Tuesday, December 4, 2012

What Is God's Name? (Part 4)


We've been talking here about God's name as Father (we'll look at God's other names later).  We said that we can let God, as a perfect Father, define
for us what fatherhood should be.  And since none of our physical dads measured up to God's perfect standard, let's recognize that they did "they best they knew how" (Heb. 12:10) and learn to forgive them for being human, however long that takes us.  That way we stop missing out.  Make sense?

Jesus said in Mat. 23:9 "you have one Father, and he is in heaven," and he was specifically taking all our patriarchal ideas of fatherhood and booting them out of the discussion, to focus on who God really is.  In Mat. 11:27, Jesus insists that one of his jobs is to tell us about the Father:  "no one truly knows the Father except the Son and those to whom the Son chooses to reveal him."  So in Jesus we have 'inside information' on God the Father!  And we'll see that our human negative concepts of fatherhood as a closed patriarchal system, or an abusive, angry authority figure, just don't hold up to Biblical scrutiny.

So, is God a Father in the same way as a physical father?  No, it's not the same idea, and we don't think of him creating children like the Greek and Roman gods did.  But to help us understand him a little, God has "commandeered human language and named himself as Father" according to James B. Torrance.  This was a major topic in the church, in the 300's AD.  We began to realize we should be very careful when using words to describe God, since human language is so limited! 

But when we think "theocentrically"  -- by attempting to understand God from his own words -- we see a different picture.

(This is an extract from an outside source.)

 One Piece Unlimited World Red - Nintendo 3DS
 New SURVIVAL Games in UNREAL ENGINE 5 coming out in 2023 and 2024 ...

God the Father is not simply called "a father" at random.  Jesus calls God his Father about 60 times in the Gospels (half of those in John).  He's "our Father" twice in Isaiah; and eight times in Paul's epistles plus once in 1 Peter, he is called "the Father of our Lord Jesus Christ."   He's the Father in relationship, because he's the Father of the Son.  This is not the result of a male-dominated set of Biblical writers, but from his own words.

We'll close with this one thought:  God the Father is love (1 John 4:8) and it's clear from Jesus' own words that he loves you and me: "May they experience such perfect unity that the world will know that you sent me and that you love them as much as you love me" (John 17:23).  Maybe your own dad knew how to love you well, but your heavenly Father loves infinitely more.  Will you let him love you?